→ Source data:
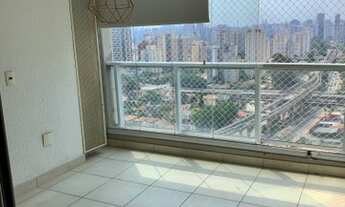 Imagem 4: Apartamento para venda, com 2 dormitórios, sendo 1 suíte e lazer completo - Campo Belo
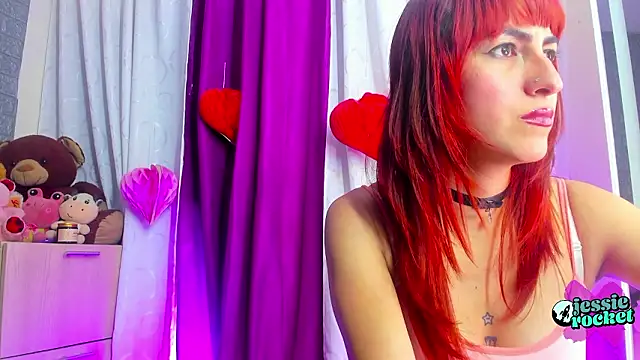 Snapshot of jessierocketx chatting on March 2026 12:47:01 AM jessierocketx online show from March 2026 12:47:01 AM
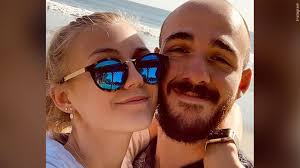 Gabby Petito’s mom says she forgives Brian Laundrie but not his mom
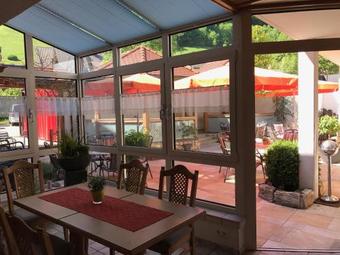 Hostal Gasthof Zum See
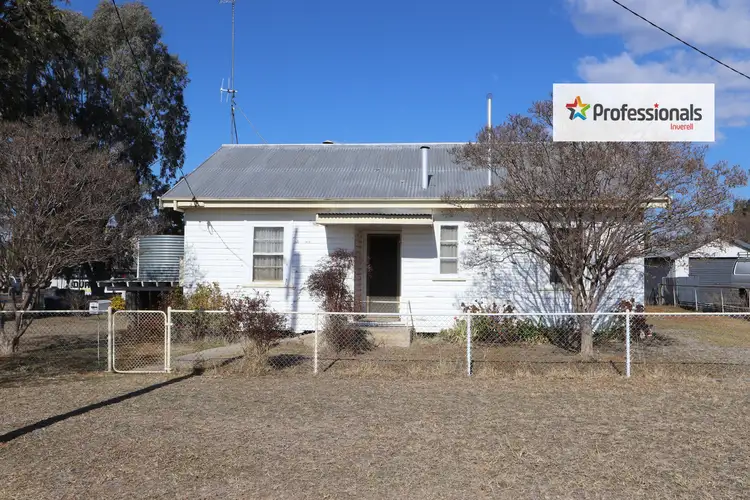 13 Frazer Street, Ashford NSW 2361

→ What you have to do: All entries are to be duplicated exactly, with the pictures left out.

→ Reply:
 Imagem 4: Apartamento para venda, com 2 dormitórios, sendo 1 suíte e lazer completo - Campo Belo
 Snapshot of jessierocketx chatting on March 2026 12:47:01 AM jessierocketx online show from March 2026 12:47:01 AM
 Gabby Petito’s mom says she forgives Brian Laundrie but not his mom
 Hostal Gasthof Zum See
 13 Frazer Street, Ashford NSW 2361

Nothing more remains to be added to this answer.